Gainsbourg était un cas unique, un personnage complexe aux multiples facettes. Il y a Gainsbourg et ses chansons éternelles, ses traits de génie, son amour pour la musique, les mots et les femmes, sa tendresse pour sa famille. Et puis il y a Gainsbarre et ses coups d... >Voir plus
Critiques, Analyses et Avis (1) Ajouter une critique
Génie des mots et de la mélodie, compositeur, musicien, poète, écrivain, réalisateur, peintre, rien que ça... il fut l'une des personnalités les plus singulières et controversées durant plus de trois décennies. Aujourd'hui encore il a ses détracteurs et ses adorateurs, dont je fais partie. Serge Gainsbourg c'était l'ambivalence. Côté pile : Gainsbourg le perfectionniste à la timidité exacerbée ; côté face : Gainsbarre, alcoolisé, irrévérencieux, souvent grossier dont nous connaissons tous les frasques et les provocations sans que je n'aie besoin de revenir sur le sujet. Que vous l'aimiez ou pas, il a incontestablement marqué notre patrimoine culturel de son immense talent. L'oeuvre dense et les textes sublimes qu'il a laissés après lui en sont la preuve.

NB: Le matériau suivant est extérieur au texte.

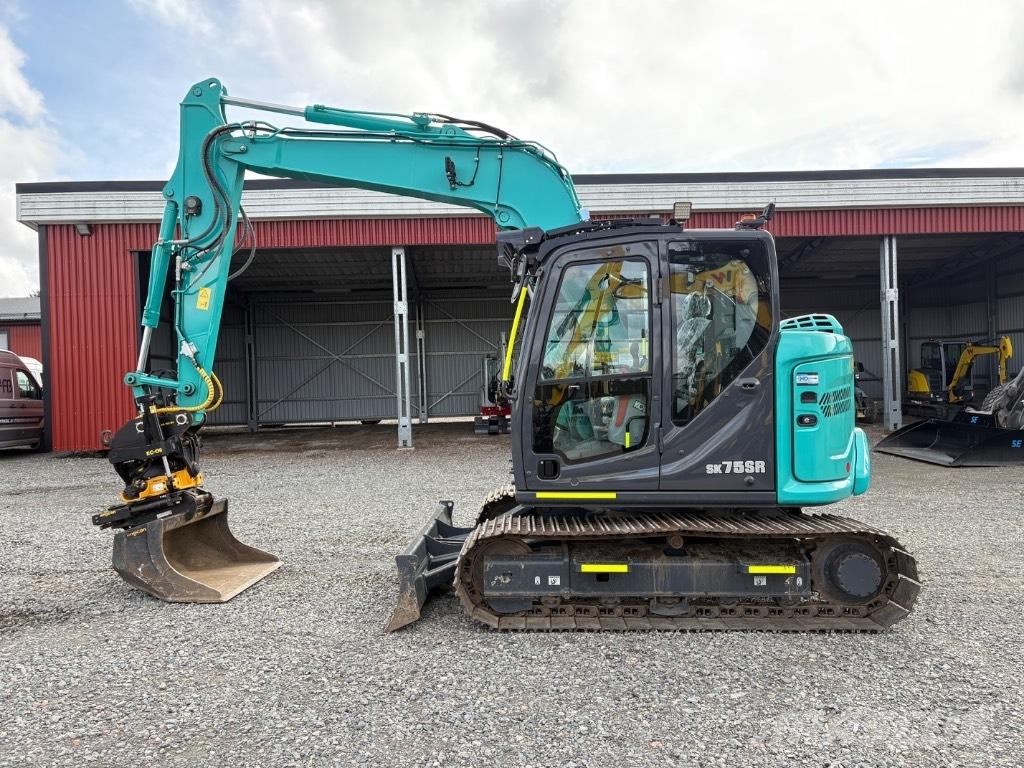 Kobelco SK75SR-7 Средни екскаватори 7т - 12т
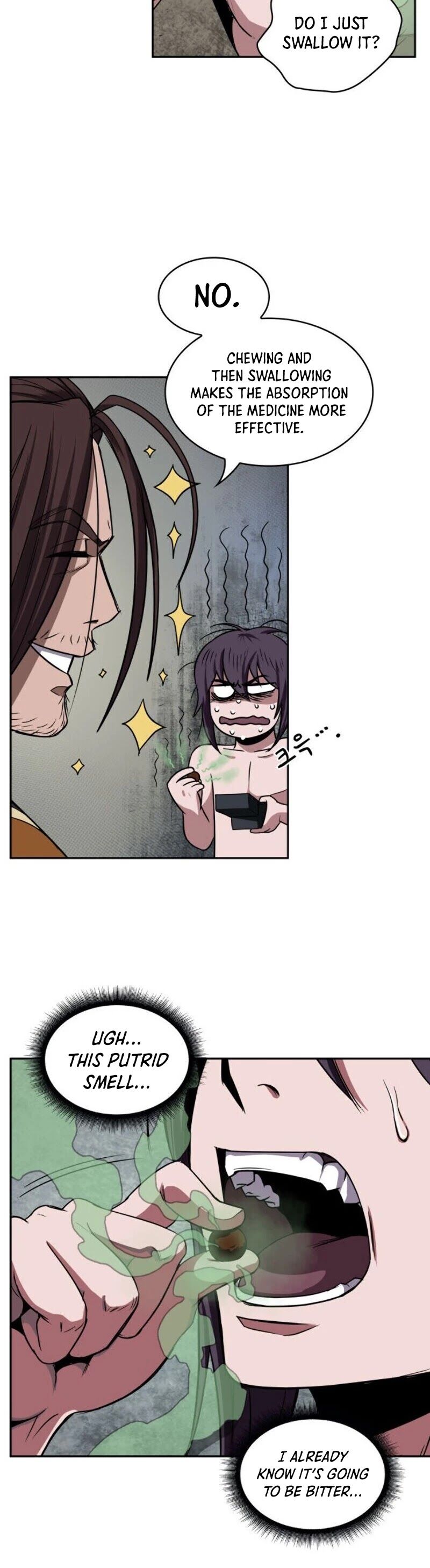 Read Nano Machine Manga Online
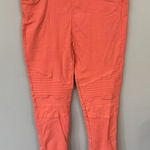 Lara Fashion Pull On Jean Leggings Jeggings Women's Size Large Spandex Blend Photo 0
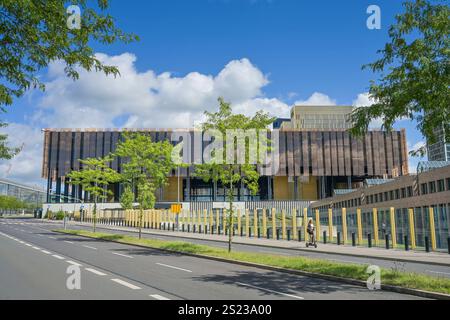 Gerichtshof der Europäischen Union EuGH, Boulevard Konrad Adenauer, Kirchberg, Stadt Luxemburg, Großherzogtum Luxemburg *** Cour de justice de l'Union européenne CJCE, Boulevard Konrad Adenauer, Kirchberg, ville de Luxembourg, Grand-Duché de Luxembourg Banque D'Images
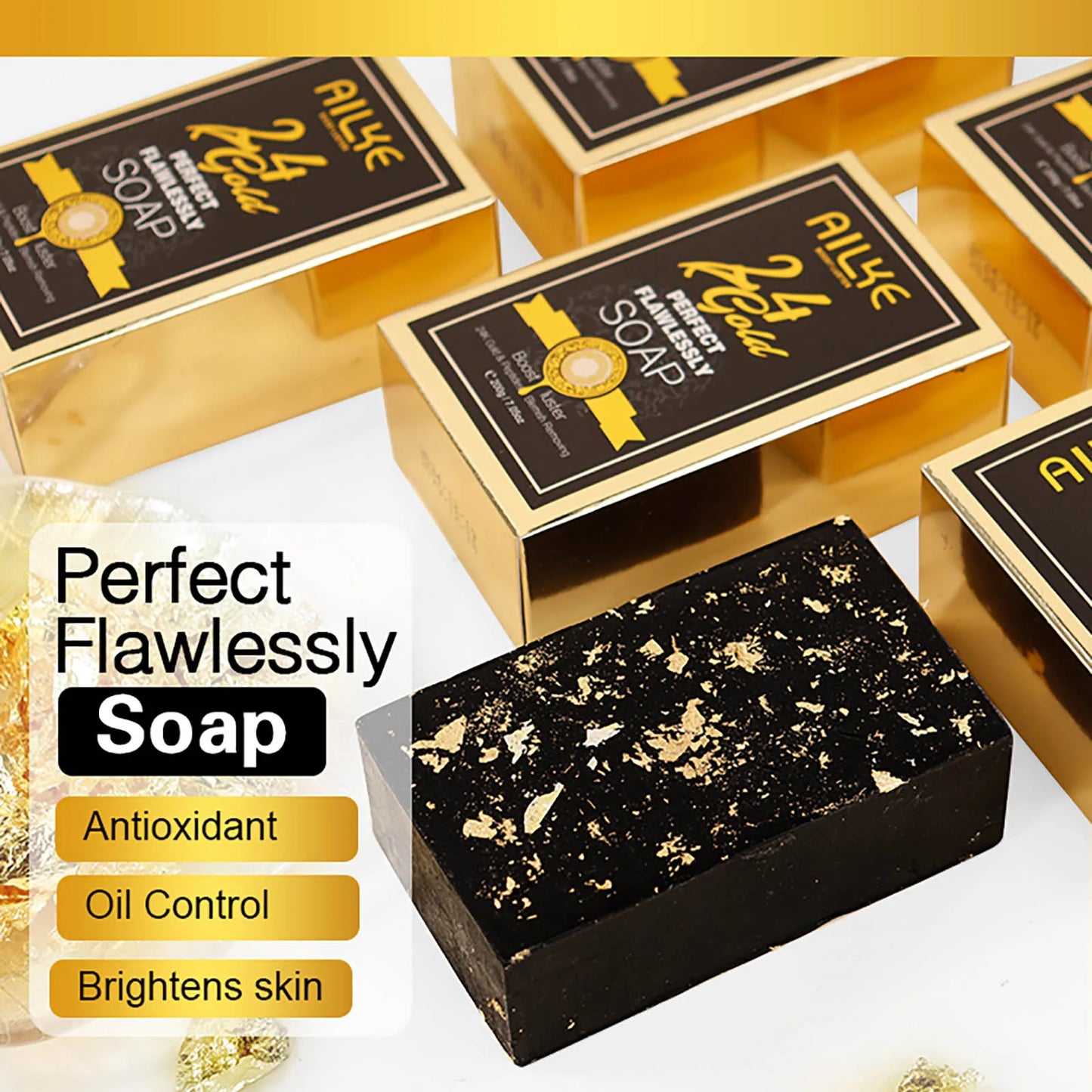 24K Gold Brightening Skin Care Set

Samedi 2 mars 1991, Serge Gainsbourg s'en va. J'ai bientôt 17 ans comme Hubert Allin qui signera cette biographie des années plus tard, en 2006. Mon père est assis sur le canapé du salon, il vient de couper la télé, le regarde vide, il allume une gitane, en aspire fébrilement une bouffée, la recrache, silence... Auréolé des volutes de sa fumée, il pleure.

Lucien Ginsburg naît à Paris en 1928. Issu d'une famille d'exilés russes d'origine juive qui s'installe en France à la fin des années 20, il développe très tôt des aptitudes à jouer du piano. C'est que Joseph son père est pianiste et grand amateur de peinture aussi il insuffle sa passion à Jacqueline l'aînée, et aux jumeaux : Serge et Liliane. Lucien est un enfant solitaire, curieux, il est aussi bon élève. À 13 ans il dessine au fusain, prend des cours à l'Academie de Montmartre, fume sa première gitane (la première d'une longue série) et porte l'étoile jaune. Nous sommes en 1941 et comme grand nombre de familles juives les Ginsburg vont connaître l'angoisse des rafles et de la déportation, évènements qui ne sont pas étrangers au mal-être que ressent peu à peu le jeune homme, il n'a pas 15 ans, qu'il nourrit déjà une aversion pour son visage qu'il trouve extrêmement laid et dont il assimile les signes distinctifs au fait d'être juif. Les années passent, il découvre le sexe en la compagnie des prostituées, il joue la nuit dans des piano-bars, et surtout il découvre les pouvoirs magiques de l'alcool en effectuant son service militaire, l'alcool dont l'ivresse ne le quittera plus car il vient de découvrir là le remède à tous ses maux.
Un mariage plus tard avec Elisabeth (qui se soldera rapidement par un divorce) il officie comme pianiste au cabaret le Milord l'Arsouille, il a rajouté un A et un O à son nom et se fait désormais appeler Gainsbourg. Il débute sur scène à l'hiver 1957, tout le gratin mondain se hâte pour l'y voir et écouter "Le poinçonneur des Lilas". C'est ainsi qu'il est repéré par Jacques Canneti le directeur artistique de chez Philips, il a 30 ans et sort un premier album de 9 titres, il chante "l'alcool, les femmes et l'adultère". En pleine période des "Yéyés" il fait figure d'ovni à côté de Sylvie, Johnny, Eddy, Cloclo and Co. le public boude, on lui reproche ses textes à connotation misogyne, il est blessé dans son amour propre aussi n'hésite-t-il pas à composer pour les autres. "La Javanaise" paraît sur l'album de Juliette Gréco dès 1963 mais c'est une ravissante et naïve jeune femme répondant au nom de France Gall qui va lui apporter la notoriété et la reconnaissance qu'il désire tant avec "Poupée de Cire, poupée de Son" et le très ambigu "Les Sucettes".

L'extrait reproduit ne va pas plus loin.